Эти же вопросы волновали и автора комментариев, сделанных вторым почерком. Прежде всего он сравнивает (и уравнивает!) Адама и Христа. «Адамъ и Христос безсѣмене»[466], – отмечает он рядом со второй главой книги Бытия. Чуть ниже эта тема развивается подробнее: «Ибо яко Адам глава есть всем человеком и отецъ, так и Христосъ по плоти церкви глава и отецъ будущего вёка… паки сподобися… божiи нарещися истинно о Христѣ… апостолу иже есть образ бога невидимаго. Грѣхъ Адамовъ бѣ против бога, преступи ббр., о приказание божiе, не прокля Адама, но землю. А ниже зри во главѣ 4, согреши Каинъ противу Авеля убiиством и что рече богъ»[467].
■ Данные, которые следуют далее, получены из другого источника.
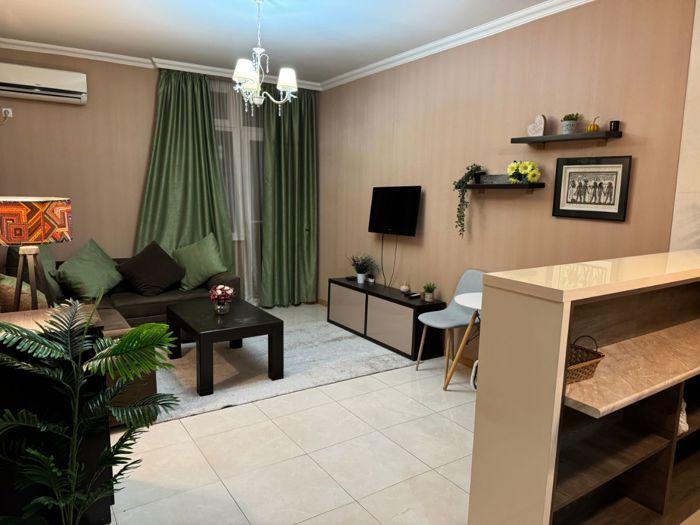 2-Room Apartment For Rent In Tbilisi, Nikoloz (Karlo) Chkheidze St view 1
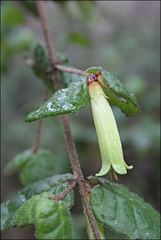 Correa reflexa lobata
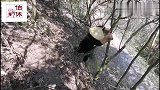 #伯休药塾 伯休野生皂角刺，爬山涉水只为发现美！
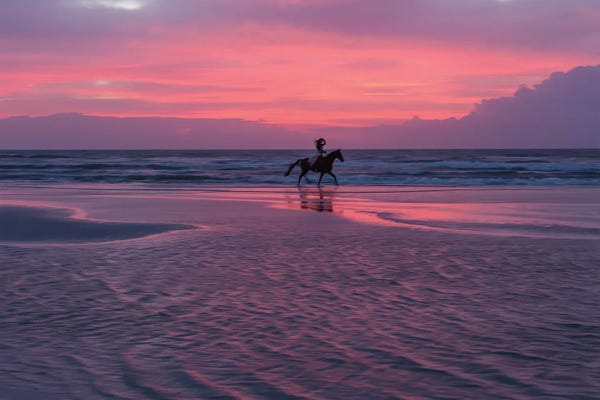 Janet Fikar: Horse And Rider On The Beach by Janet Fikar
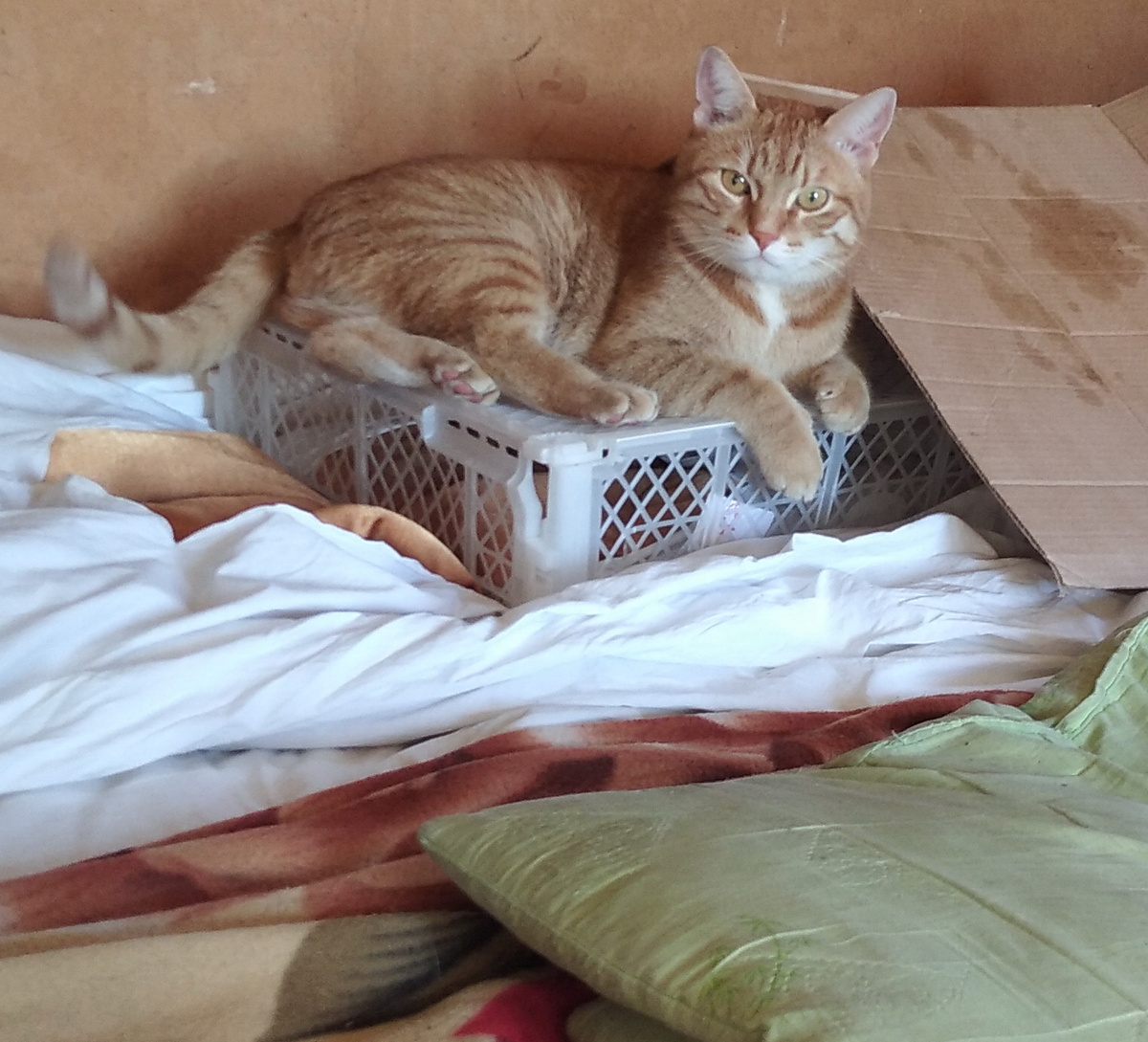 Личное  фото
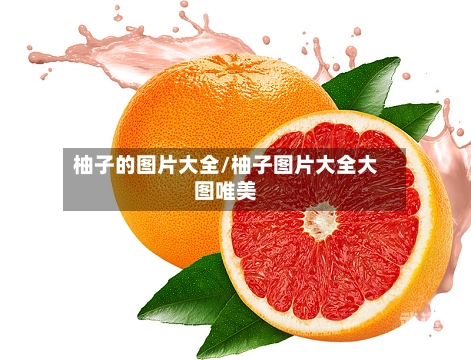 柚子的图片大全/柚子图片大全大图唯美-第2张图片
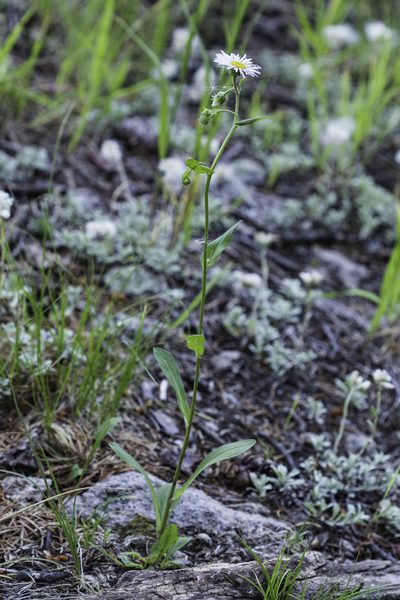 Erigeron eximius, photographed by Craig Martin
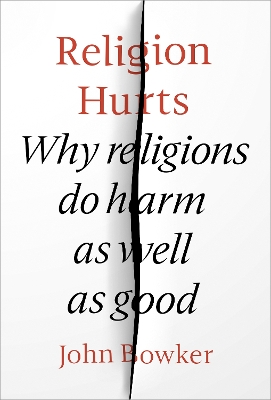 Religion Hurts: Why Religions Do Harm As Well As Good book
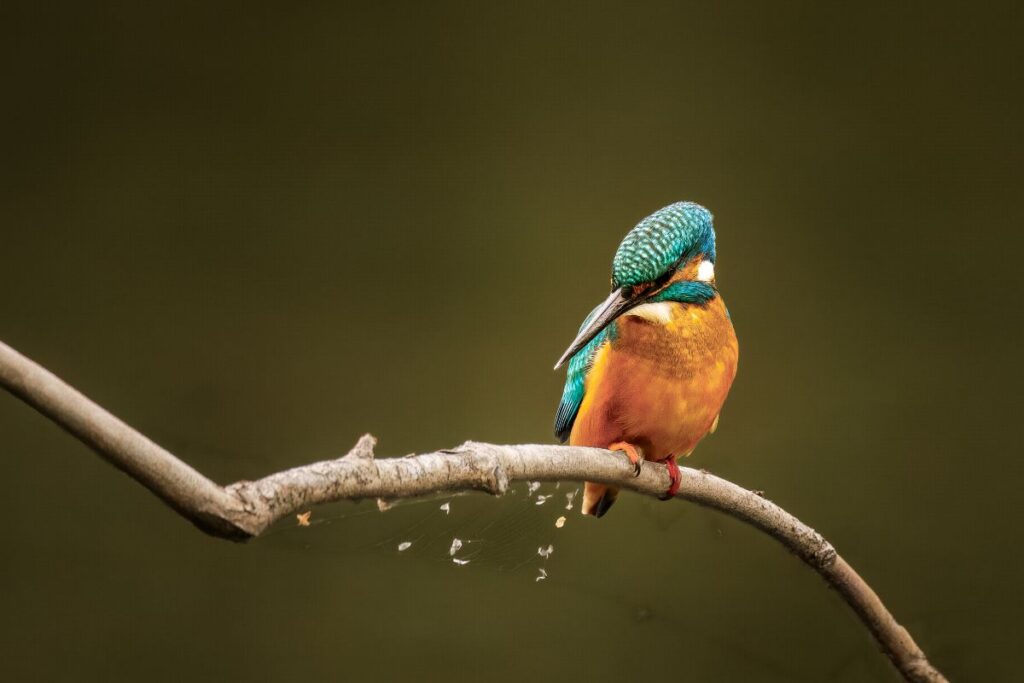 Kingfisher, by Steve Black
В комментарии возникает важная тема о том, какова природа ответственности первого человека. И здесь содержится весьма существенный вывод – за выступление против бога был проклят не Адам, а земля! Следовательно, отпадали ограничения «самовластия» первых людей, обречённых, по мнению Иосифа Волоцкого и его последователей, на муки.
Проследим за комментатором второго почерка и обратимся к его примечанию на четвёртую главу книги Бытия. Около слов Библии – «И рече господь, что сътвориль еси се, глас крове брата твоего въпиетъ къ мне от земля, и ныне проклятъ ты на земли» – он пишет: «Зри выше во главѣ 3. Фараон царь египетский противился богу, и долготерпяше ему богъ. А егда показа лютость отрочатом евреюким и самем евреом, погуби фараона и мори. Не тако бо мстит богъ за себе, яко – же за ближнего нам. Матфеи, глава 18» (курсив мой. – Р. П.)[468].
Автор комментариев чётко разделяет природу ответственности человека. Противившиеся богу ещё могли рассчитывать на его снисхождение. «Лютость» против ближних есть преступление более тяжкое и поэтому скорее наказуемое. Плох или хорош человек, греховен ли он – ответы нужно искать не в «будущем веке», не на небе, а на земле, в отношении к близким. Оценка, по сути, приобретает социальный характер.
Между взглядами на «самовластие» человека, высказанными неизвестным комментатором второго почерка и Андреем Курбским, можно отметить сходство. Иван IV, не соглашаясь с князем Курбским, обвинял его в «манихейской ереси», «еже небом обладали Христу, на земли же самовластным быти человеком, преисподними же дьяволу»[469].
С примечаниями на книгу Бытия перекликаются заметки автора второго почерка к книге Иова. Автора заметок привлекла тема выступления Иова против бога, спора Иова с Елиусом. «Елиуд»[470] Иова обличал, «заради яже онъ глаголашѣ, яко правдивѣе бэ он, неже богъ, показуя ему, яже богу не довлеет и не требѣ есть в человецах согрѣшенiе ни ихъ правда»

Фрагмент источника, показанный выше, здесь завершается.